The $1.3 trillion Government Pension Investment Fund of Japan has a 100-year timeframe but that doesn’t mean all of its assets are long term.

“We are happy for active managers to trade on a short-term cycle, and passive managers to focus on sustainability over the long term of the company,” executive managing director and chief investment officer, Hiromichi Mizuno says.

“You can’t force all investors to have the same horizon. If as a whole it works, I am happy. I agree the sum of investors as a whole have a long term perspective, but you can’t dictate that all investors behave the same way.”

The GPIF is managed externally and around 20 per cent of the portfolio is managed by active managers and 80 per cent passive.

“The direction we are trying to make clear is that active and passive managers can have different roles and different time horizons,” Mizuno says.

“We are encouraging passive managers to engage with companies with a long time horizon in mind. On the other hand, if active managers say they think three months is the best timeframe to produce alpha then I won’t discourage it. The mismatch might be difficult to manage but we are trying to make the rules as clear as possible.”

This month the GPIF established a new division in its public market investment department, called “stewardship and ESG”.

Its investment principles outline that the fund will continue to maximise medium- to long-term equity investment returns for the benefit of pension beneficiaries by fulfilling stewardship responsibilities. And it believes that it is appropriate and essential for GPIF as a pension fund to increase long-term investment returns for pension beneficiaries by fostering sustainable growth and worth of companies in which it invests.

The fund accepted Japan’s Stewardship Code in May 2014 and became a signatory of PRI (principles for responsible investment) in September 2015.

Mizuno’s comments were made as part of a panel discussion at the PRI in Person conference in Singapore last month. Mizuno is a member of PRI asset owner advisory committee.

Commenting on climate risk and fiduciary duty, he said that “I don’t see a point in beneficiaries getting a full pension but they can’t step outside”.

The fund is looking at how to interpret this into daily investment activities, including looking at a proposal for environmental, social and governance (ESG) indices.

“Climate change is a long-term issue but we need to take it into our daily investment practice, ESG indices/positive screen companies is one way to do that.”

Bold proposition

To overcome the problems associated with short term reporting, Mizuno made a bold proposition to the audience.

“I propose that every asset owner only reports 50-year rolling performance number,” he said.

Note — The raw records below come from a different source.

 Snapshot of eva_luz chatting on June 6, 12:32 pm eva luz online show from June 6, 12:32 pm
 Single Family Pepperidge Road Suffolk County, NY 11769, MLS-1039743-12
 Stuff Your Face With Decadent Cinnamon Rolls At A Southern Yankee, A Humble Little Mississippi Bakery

The session, which was chaired by the chair of PRI, Martin Skancke, also heard about the challenges of reporting long-term numbers.

Paul Smith, chief executive of the CFA Institute, says keeping focused on the long term is hard.

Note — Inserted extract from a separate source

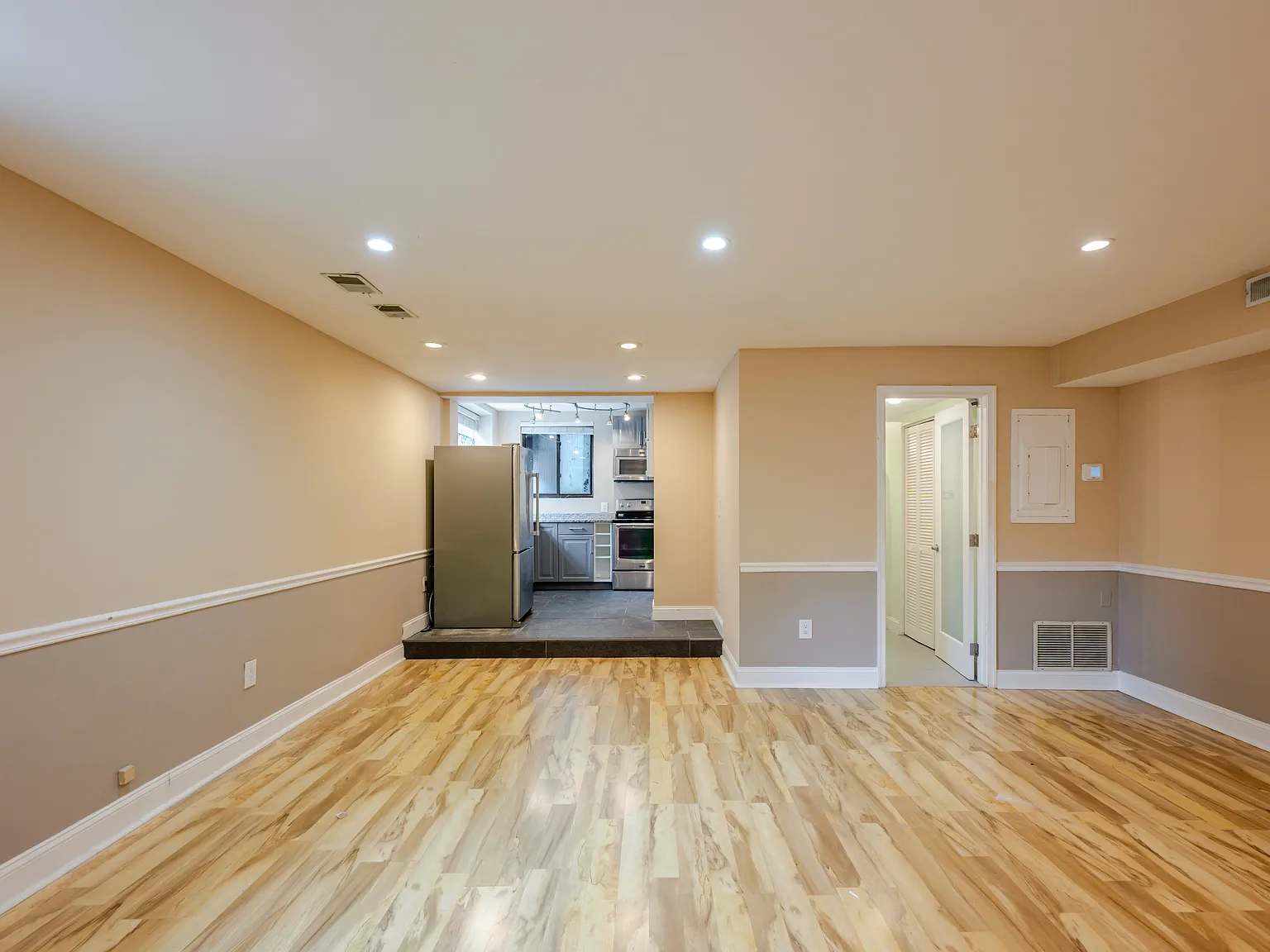 1 bed, $2,225 — Photo 2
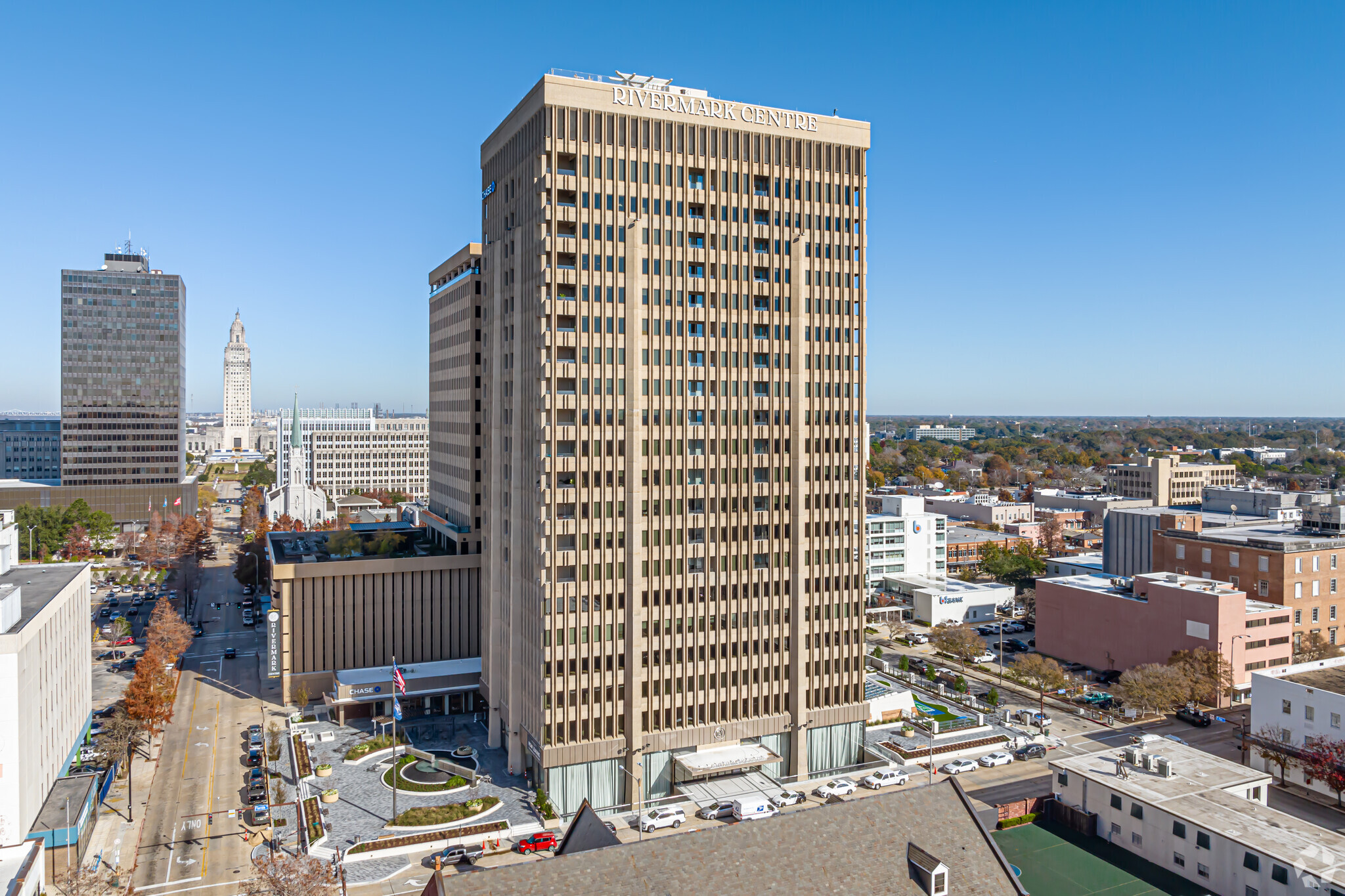 451 Florida St & 450 Laurel St, Baton Rouge, LA en alquiler Foto del edificio- Imagen 1 de 107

“With a 100-year time horizon you’re not around to reap the benefit, so behaviourally it is difficult, but also hard from a metric point of view. Also difficult where there’s a trust issue in the industry, hard to conduct long term investing in that environment,” he says.

Scancke says the Norwegian Sovereign Wealth Fund’s working definition of long-term is the capacity to hold an asset and not be forced to sell it; the ability to be contrarian and can sell or buy and rebalance when others aren’t.

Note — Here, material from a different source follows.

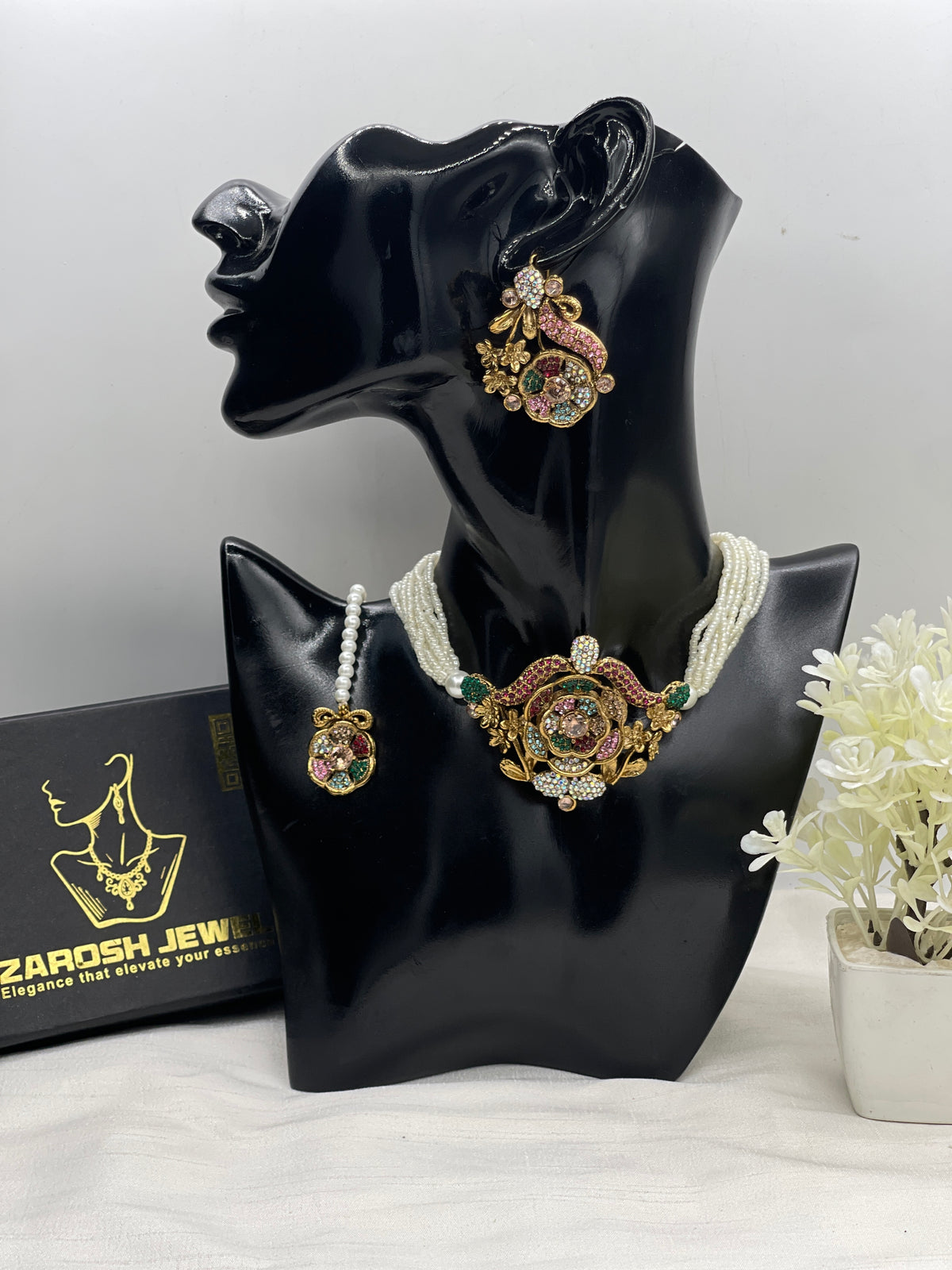 Shop the Samreen Choker Set from Zarosh Jewel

Smith says the problem the industry is trying to resolve is that ESG issues, especially the environment, require a long-term focus.

“As the joke runs, the long-term is a series of short-term events, not as simple as saying the long-term is good and the short-term is bad, but about needs; finance industry structure needs to change to fit those needs,” he says.

“If we believe those challenges exist, then how do we enable that to happen?”

Chief finance and chief risk officer of APG, Angelien Kemna, says that APG and PPGM have collaborated on metrics to measure sustainability impact and keep returns focused first.